TASK MATERIAL:
++++++++++

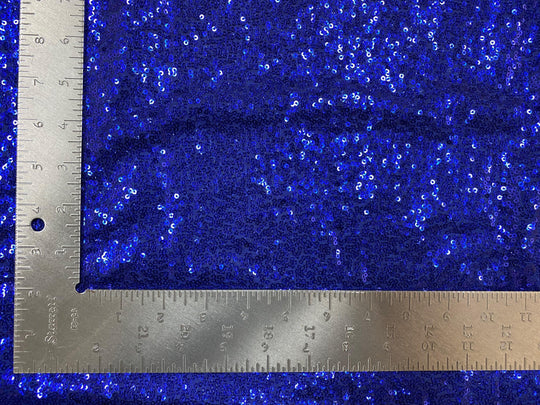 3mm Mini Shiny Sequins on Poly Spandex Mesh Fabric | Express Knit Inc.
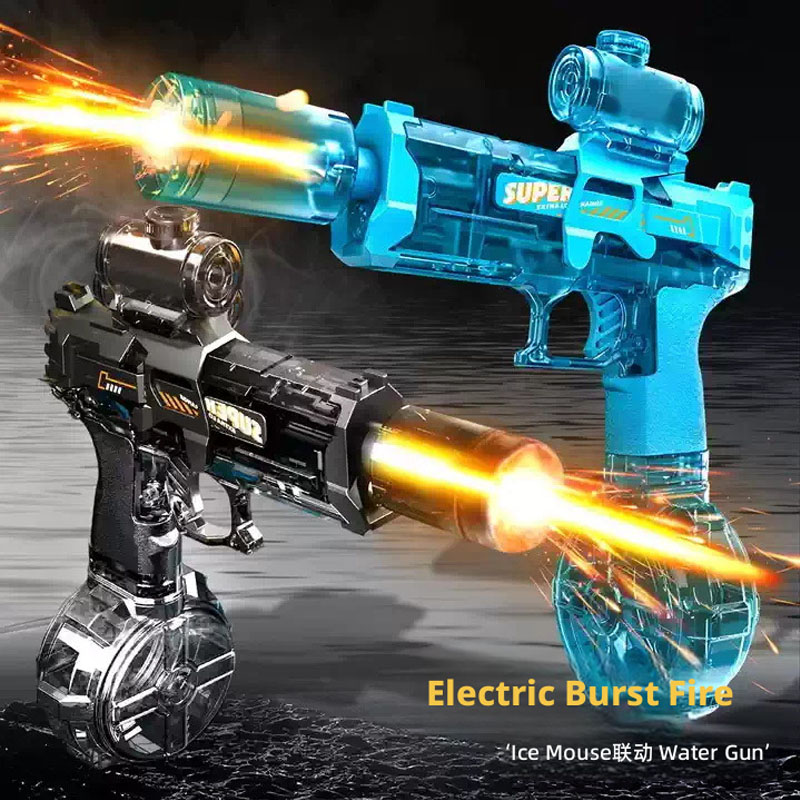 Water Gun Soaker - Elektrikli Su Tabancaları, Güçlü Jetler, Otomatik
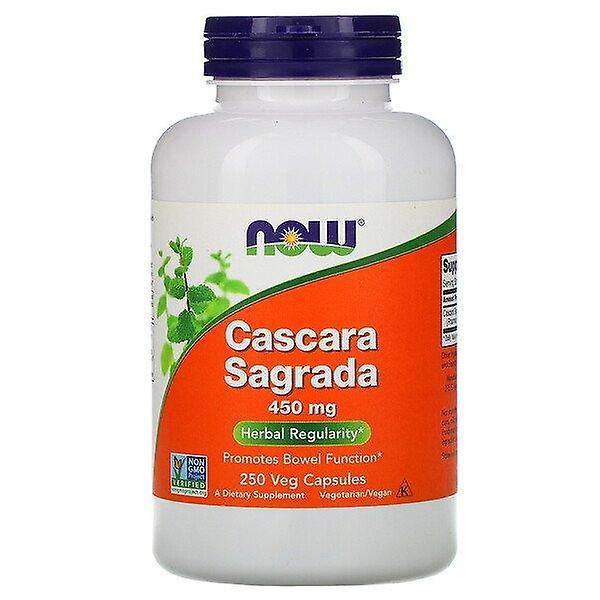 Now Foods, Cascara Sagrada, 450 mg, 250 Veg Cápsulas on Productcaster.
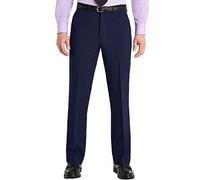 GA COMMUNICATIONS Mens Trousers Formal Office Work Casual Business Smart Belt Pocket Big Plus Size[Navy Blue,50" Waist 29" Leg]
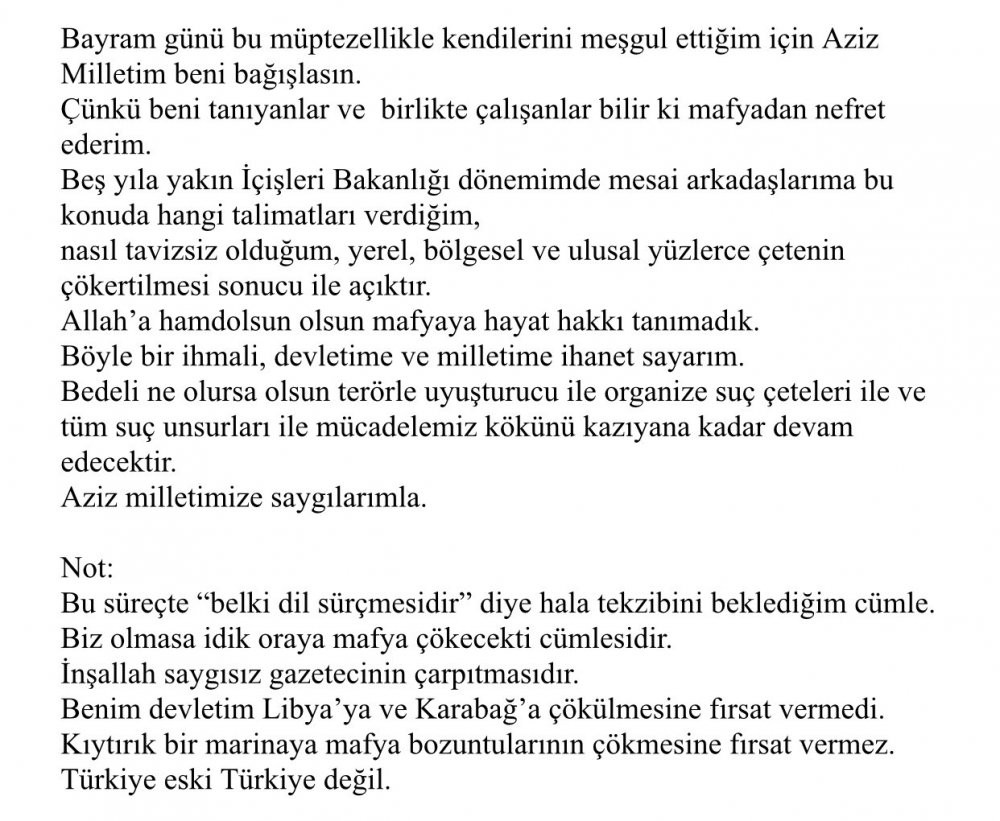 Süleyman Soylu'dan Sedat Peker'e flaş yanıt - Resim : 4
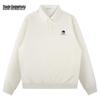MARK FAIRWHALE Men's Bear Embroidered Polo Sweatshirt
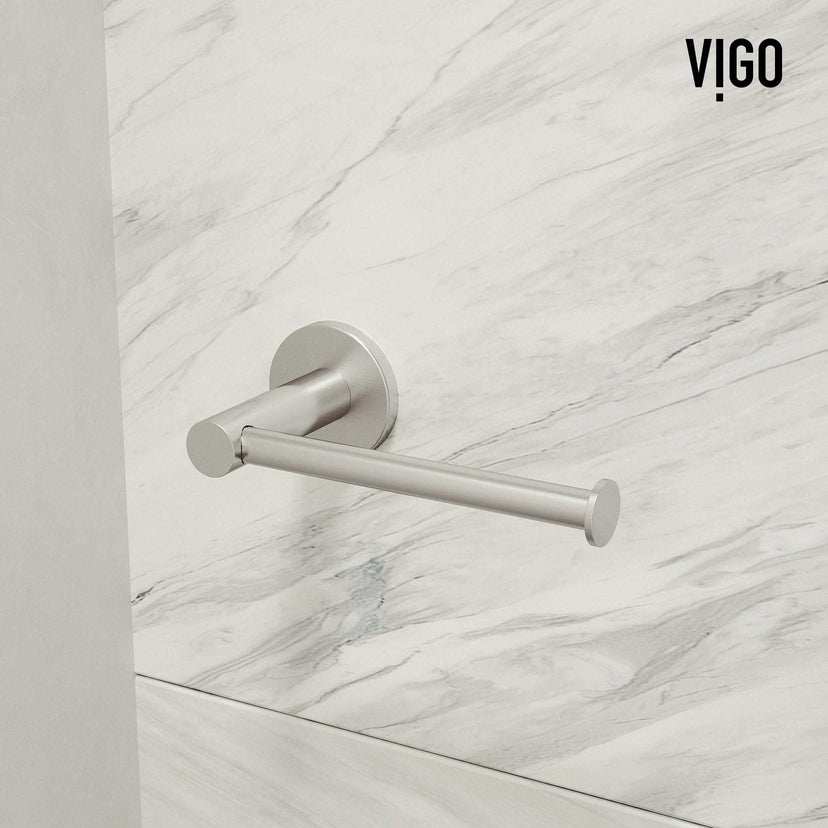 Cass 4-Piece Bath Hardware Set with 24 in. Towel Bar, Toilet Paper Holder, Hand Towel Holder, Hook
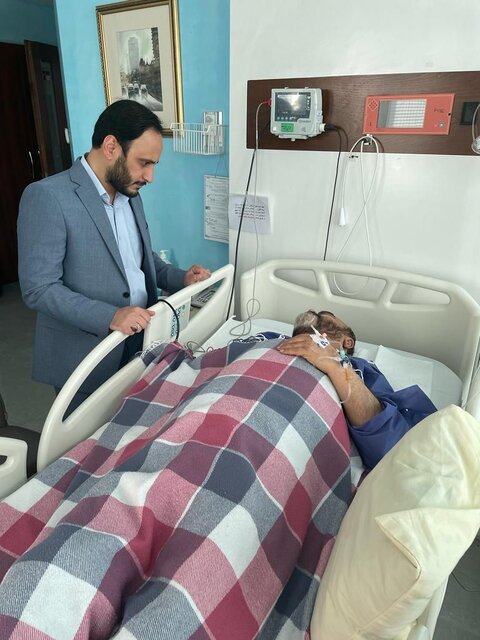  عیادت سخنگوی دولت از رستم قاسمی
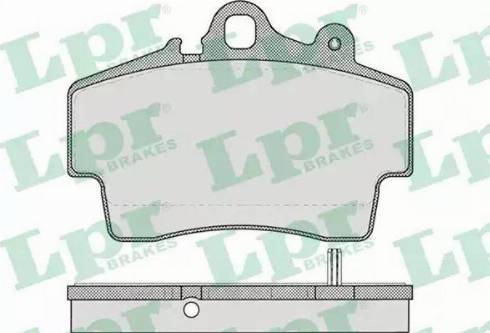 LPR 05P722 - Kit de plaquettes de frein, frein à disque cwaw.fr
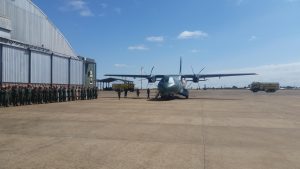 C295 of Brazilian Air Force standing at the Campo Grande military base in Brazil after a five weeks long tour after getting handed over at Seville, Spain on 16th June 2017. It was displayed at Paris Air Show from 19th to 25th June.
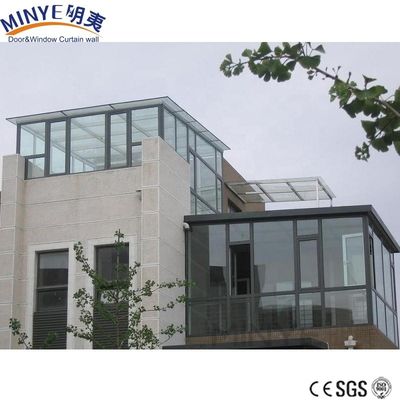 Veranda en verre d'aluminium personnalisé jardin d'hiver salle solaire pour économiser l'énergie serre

++++++++++

Your answer must be the lines from the one containing "LPR 05P722 - Kit" through the last line of the records, printed exactly with no pictures; please include both ends.

RESPONSE TO THE EXERCISE:
 LPR 05P722 - Kit de plaquettes de frein, frein à disque cwaw.fr
 C295 of Brazilian Air Force standing at the Campo Grande military base in Brazil after a five weeks long tour after getting handed over at Seville, Spain on 16th June 2017. It was displayed at Paris Air Show from 19th to 25th June.
 Veranda en verre d'aluminium personnalisé jardin d'hiver salle solaire pour économiser l'énergie serre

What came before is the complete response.